## Required action
Wherever the string "Limited" turns up in the data, copy the whole line.

Records from a collection
-- -- --
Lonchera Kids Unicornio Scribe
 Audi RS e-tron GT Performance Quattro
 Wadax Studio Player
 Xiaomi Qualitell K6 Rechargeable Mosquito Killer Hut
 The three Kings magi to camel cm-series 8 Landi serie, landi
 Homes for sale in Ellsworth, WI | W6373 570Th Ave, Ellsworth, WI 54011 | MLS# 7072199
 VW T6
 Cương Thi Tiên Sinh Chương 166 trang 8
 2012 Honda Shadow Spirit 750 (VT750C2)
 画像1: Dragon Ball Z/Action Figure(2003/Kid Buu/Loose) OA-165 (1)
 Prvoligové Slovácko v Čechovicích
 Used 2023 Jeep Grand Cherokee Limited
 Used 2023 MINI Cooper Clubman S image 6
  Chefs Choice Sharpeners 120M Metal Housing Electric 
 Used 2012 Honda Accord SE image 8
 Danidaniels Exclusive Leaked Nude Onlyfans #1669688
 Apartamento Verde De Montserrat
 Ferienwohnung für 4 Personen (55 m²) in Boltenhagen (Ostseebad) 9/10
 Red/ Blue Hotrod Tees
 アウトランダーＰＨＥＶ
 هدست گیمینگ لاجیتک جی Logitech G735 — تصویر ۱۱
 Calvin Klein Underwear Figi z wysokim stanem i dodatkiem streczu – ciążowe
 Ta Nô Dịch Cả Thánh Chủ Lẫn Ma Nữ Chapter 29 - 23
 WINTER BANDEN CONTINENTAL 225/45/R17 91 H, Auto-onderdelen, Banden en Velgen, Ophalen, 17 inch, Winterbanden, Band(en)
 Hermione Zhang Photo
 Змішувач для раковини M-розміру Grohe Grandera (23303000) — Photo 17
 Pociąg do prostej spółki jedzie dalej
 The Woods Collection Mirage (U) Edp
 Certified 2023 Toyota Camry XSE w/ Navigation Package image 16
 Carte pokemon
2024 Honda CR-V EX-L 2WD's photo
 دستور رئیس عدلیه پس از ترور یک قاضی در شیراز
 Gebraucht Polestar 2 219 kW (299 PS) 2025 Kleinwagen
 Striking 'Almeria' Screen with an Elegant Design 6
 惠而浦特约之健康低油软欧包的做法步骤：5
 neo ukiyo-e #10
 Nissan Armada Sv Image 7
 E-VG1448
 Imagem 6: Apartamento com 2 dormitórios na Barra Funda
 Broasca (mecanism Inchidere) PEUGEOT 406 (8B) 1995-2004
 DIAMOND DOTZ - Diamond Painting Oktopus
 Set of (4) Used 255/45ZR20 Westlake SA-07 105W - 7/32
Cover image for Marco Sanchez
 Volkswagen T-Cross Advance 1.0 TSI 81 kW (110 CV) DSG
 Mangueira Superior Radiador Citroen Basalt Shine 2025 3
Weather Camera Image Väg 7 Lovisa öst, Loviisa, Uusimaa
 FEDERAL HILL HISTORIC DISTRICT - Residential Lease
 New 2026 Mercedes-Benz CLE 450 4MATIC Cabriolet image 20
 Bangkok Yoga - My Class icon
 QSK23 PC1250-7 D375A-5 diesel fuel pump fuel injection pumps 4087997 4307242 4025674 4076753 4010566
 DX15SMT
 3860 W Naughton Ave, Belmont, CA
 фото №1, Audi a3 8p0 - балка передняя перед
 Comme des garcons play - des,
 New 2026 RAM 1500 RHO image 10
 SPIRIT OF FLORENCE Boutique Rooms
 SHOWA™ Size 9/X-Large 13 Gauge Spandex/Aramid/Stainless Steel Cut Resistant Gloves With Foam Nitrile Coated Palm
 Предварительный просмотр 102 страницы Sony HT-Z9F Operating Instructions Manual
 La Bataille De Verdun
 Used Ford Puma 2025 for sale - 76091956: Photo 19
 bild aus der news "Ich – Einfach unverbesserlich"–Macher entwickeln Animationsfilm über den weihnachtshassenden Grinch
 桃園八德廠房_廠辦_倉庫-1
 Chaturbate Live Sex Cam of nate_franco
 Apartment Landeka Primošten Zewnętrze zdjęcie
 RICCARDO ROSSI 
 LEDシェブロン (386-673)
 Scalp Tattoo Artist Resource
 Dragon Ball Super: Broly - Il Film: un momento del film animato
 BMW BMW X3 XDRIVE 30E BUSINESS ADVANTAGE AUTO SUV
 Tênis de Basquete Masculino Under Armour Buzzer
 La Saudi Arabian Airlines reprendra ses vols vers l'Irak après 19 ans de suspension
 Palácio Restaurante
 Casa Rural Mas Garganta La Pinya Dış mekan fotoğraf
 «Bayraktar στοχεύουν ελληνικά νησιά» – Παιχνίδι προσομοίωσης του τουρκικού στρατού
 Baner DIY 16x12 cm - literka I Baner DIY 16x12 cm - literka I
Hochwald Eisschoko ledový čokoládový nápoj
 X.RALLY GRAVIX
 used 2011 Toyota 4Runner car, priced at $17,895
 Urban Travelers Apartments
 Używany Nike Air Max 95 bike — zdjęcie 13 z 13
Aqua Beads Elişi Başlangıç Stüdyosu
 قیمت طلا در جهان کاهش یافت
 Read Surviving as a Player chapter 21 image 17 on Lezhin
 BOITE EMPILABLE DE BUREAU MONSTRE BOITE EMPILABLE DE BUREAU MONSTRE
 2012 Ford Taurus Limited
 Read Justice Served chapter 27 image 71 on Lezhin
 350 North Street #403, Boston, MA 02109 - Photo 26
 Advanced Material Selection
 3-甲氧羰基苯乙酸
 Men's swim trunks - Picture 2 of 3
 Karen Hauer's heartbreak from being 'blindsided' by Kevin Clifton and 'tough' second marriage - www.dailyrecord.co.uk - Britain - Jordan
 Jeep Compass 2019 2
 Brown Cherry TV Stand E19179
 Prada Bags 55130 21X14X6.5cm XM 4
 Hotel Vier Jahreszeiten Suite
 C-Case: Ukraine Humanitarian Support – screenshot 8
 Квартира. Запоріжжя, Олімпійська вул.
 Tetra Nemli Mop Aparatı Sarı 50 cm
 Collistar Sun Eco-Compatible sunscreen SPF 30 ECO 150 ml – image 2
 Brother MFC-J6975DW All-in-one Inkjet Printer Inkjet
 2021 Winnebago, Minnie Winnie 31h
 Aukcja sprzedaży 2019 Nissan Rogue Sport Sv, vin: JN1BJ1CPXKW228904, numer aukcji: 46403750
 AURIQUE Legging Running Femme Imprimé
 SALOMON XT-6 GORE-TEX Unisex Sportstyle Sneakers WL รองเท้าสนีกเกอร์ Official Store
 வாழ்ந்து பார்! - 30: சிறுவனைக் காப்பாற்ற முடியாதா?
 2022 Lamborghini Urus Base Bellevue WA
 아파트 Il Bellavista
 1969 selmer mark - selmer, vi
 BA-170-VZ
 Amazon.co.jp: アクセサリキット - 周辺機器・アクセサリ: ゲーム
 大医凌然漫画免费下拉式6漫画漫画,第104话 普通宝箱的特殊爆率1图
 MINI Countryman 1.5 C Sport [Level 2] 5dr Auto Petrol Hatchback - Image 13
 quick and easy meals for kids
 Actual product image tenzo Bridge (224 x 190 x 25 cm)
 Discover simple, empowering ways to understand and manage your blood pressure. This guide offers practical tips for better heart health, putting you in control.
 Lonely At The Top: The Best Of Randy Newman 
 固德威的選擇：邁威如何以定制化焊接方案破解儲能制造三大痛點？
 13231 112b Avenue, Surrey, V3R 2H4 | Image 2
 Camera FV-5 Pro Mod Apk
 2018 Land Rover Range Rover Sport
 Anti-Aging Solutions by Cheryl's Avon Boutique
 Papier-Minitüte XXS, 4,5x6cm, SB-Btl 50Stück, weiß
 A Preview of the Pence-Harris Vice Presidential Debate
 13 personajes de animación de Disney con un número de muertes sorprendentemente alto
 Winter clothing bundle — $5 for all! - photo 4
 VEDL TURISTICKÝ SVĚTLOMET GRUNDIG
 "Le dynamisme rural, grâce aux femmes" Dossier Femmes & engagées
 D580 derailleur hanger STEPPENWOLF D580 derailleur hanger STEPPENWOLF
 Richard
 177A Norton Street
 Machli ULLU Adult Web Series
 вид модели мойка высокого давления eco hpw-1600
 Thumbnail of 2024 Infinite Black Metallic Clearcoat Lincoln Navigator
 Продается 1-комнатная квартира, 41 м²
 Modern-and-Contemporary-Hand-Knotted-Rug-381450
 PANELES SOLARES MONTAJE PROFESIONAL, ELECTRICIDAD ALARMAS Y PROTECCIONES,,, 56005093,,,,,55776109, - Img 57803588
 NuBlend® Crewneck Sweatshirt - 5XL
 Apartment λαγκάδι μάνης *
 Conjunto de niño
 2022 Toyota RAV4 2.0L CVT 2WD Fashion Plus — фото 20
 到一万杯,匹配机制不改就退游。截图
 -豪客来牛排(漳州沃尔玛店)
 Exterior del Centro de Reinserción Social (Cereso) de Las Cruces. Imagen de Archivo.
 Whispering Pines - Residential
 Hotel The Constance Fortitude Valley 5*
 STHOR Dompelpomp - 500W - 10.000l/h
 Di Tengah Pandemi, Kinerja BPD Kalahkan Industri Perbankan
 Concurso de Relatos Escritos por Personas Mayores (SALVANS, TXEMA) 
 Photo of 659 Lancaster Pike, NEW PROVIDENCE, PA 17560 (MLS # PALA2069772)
-- -- --
## Written response
 Used 2023 Jeep Grand Cherokee Limited
 2012 Ford Taurus Limited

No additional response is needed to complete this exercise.